### DATA PROVIDED

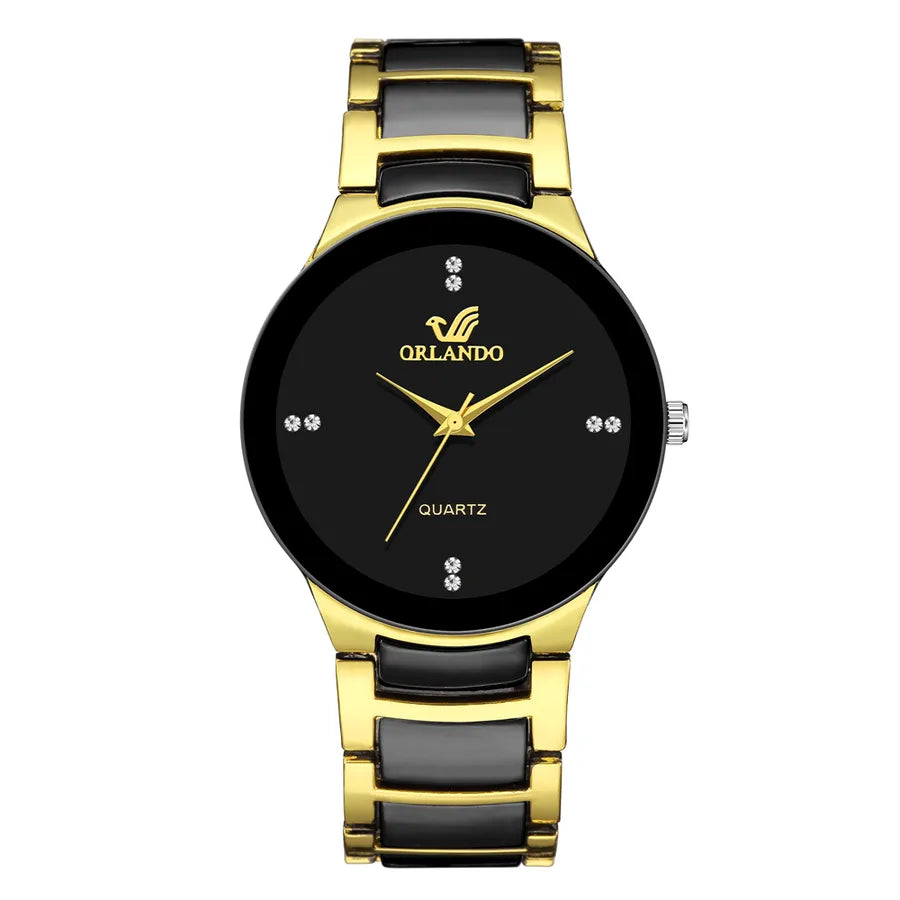 Business Simple Style Color Block Double Side Snaps Quartz Men's Watches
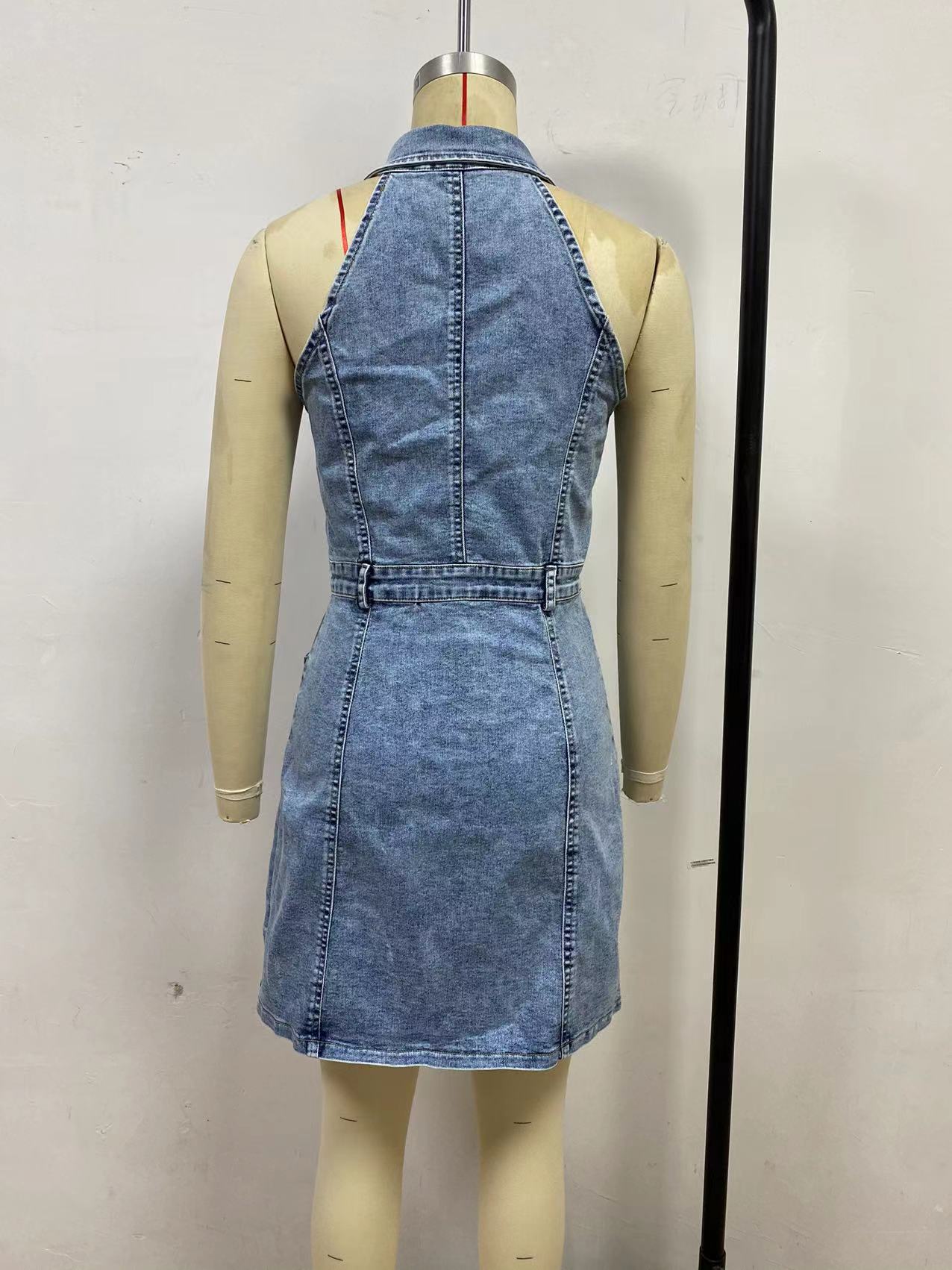 Women’s Sleeveless Blue Jean Mini Dress for Women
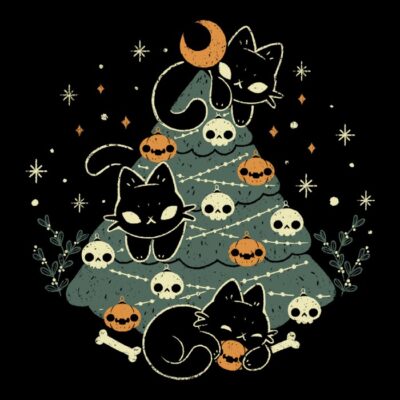 Halloween Christmas Tree with Black Cats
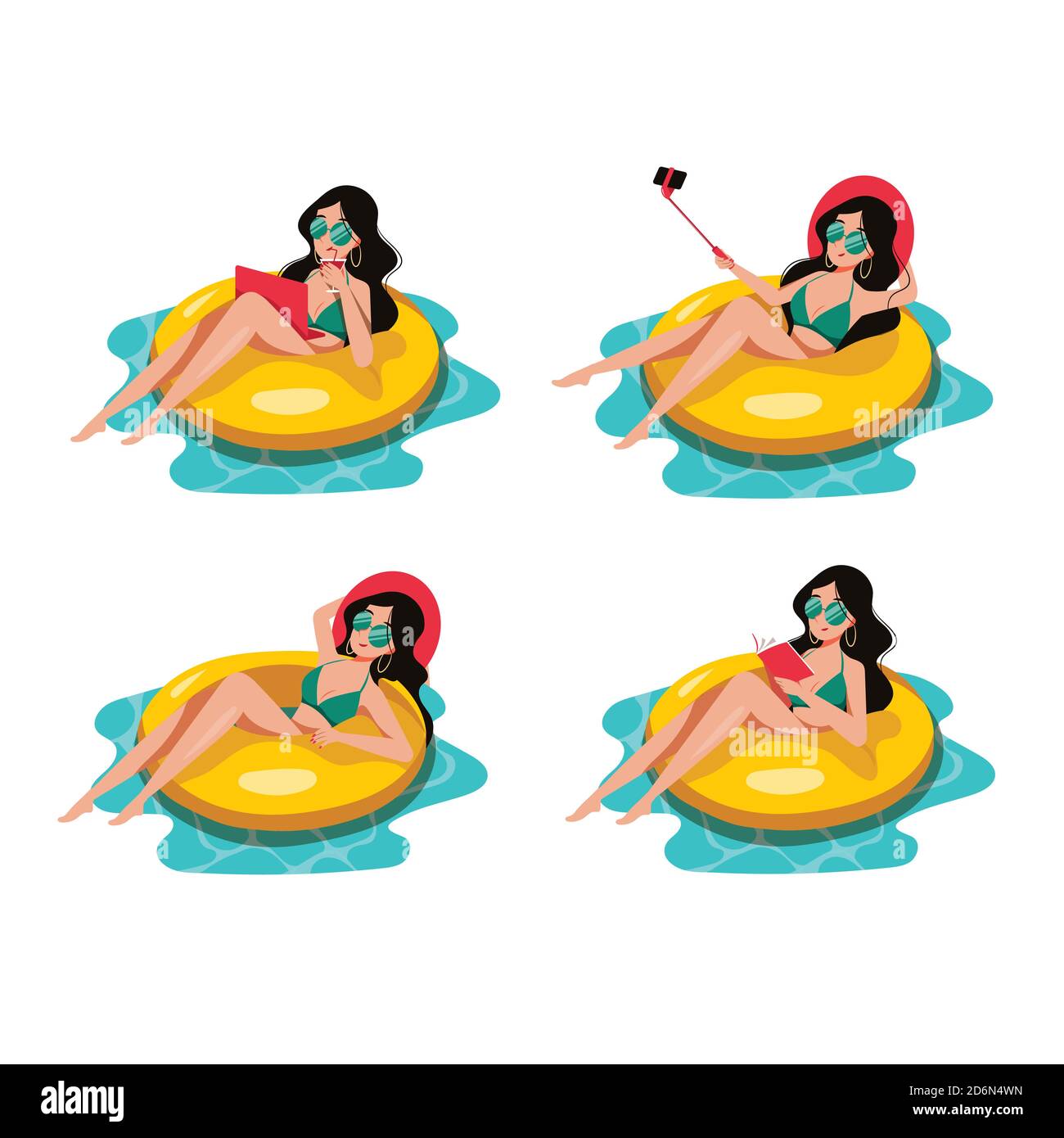 Glückliche junge Frau schwimmt auf gelben aufblasbaren Ring im Schwimmbad. Vektor flache Cartoon-Illustration-Set, isoliert auf weißem Hintergrund. Sommerstrand Stock Vektor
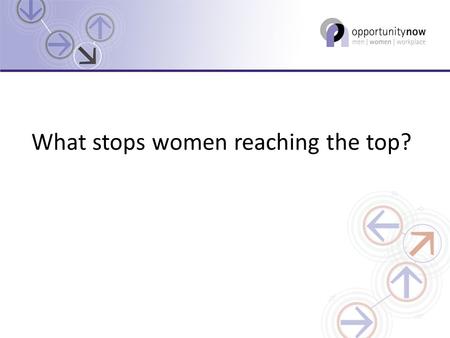 What stops women reaching the top?. What progress have we made in the last 5 years?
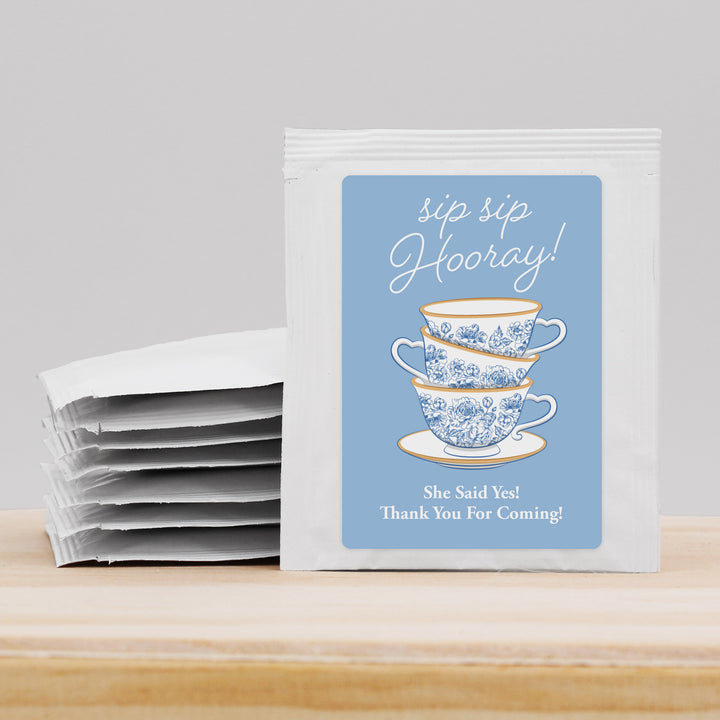 Bridal Shower Personalized Tea Bags, French Toile, Blue Chinoiserie Tea Cup Favors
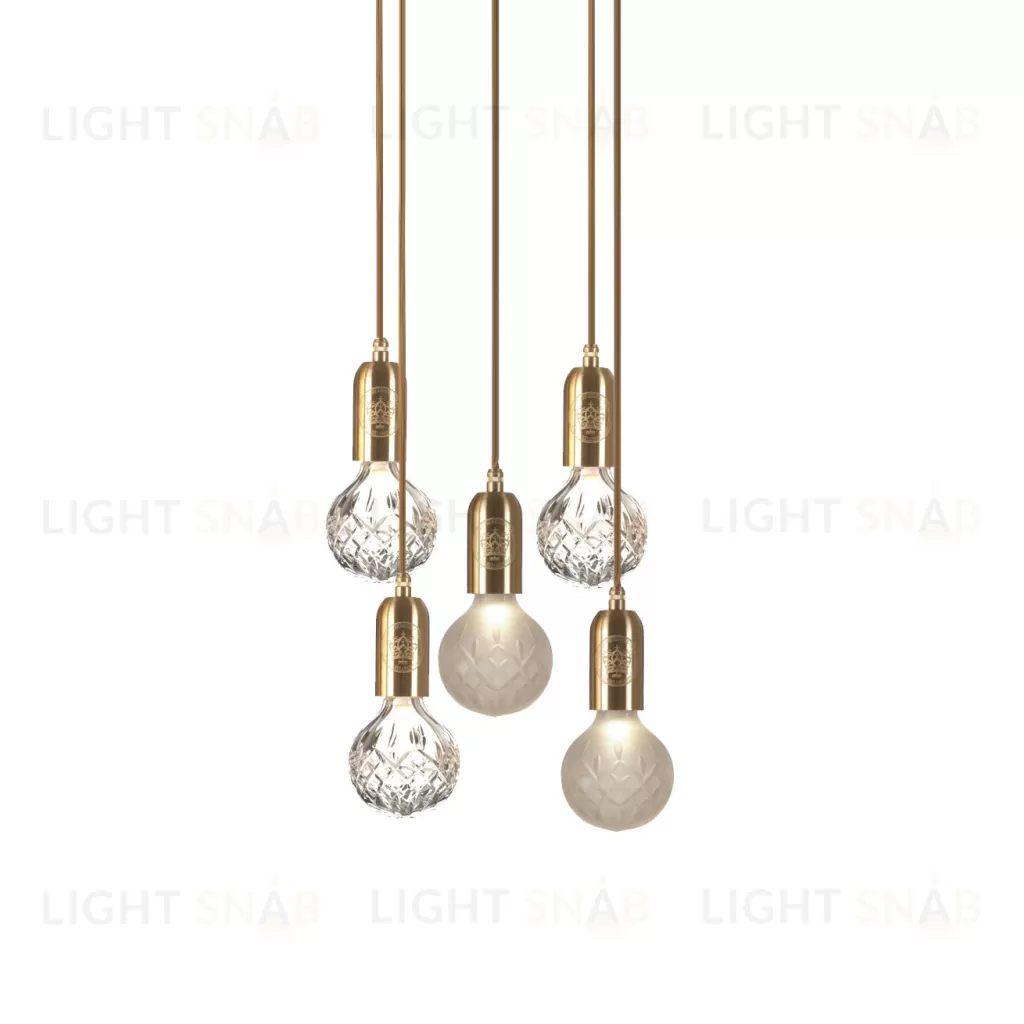 Подвесной дизайнерский светильник Crystal Bulb by Lee Broom (5 подвесов) LSR5589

######

TASK PROMPT:
In the copy, include no pictures; restate the listing above exactly.

EXERCISE RESULT:
 Business Simple Style Color Block Double Side Snaps Quartz Men's Watches
 Women’s Sleeveless Blue Jean Mini Dress for Women
 Halloween Christmas Tree with Black Cats
 Glückliche junge Frau schwimmt auf gelben aufblasbaren Ring im Schwimmbad. Vektor flache Cartoon-Illustration-Set, isoliert auf weißem Hintergrund. Sommerstrand Stock Vektor
 What stops women reaching the top?. What progress have we made in the last 5 years?
 Bridal Shower Personalized Tea Bags, French Toile, Blue Chinoiserie Tea Cup Favors
 Подвесной дизайнерский светильник Crystal Bulb by Lee Broom (5 подвесов) LSR5589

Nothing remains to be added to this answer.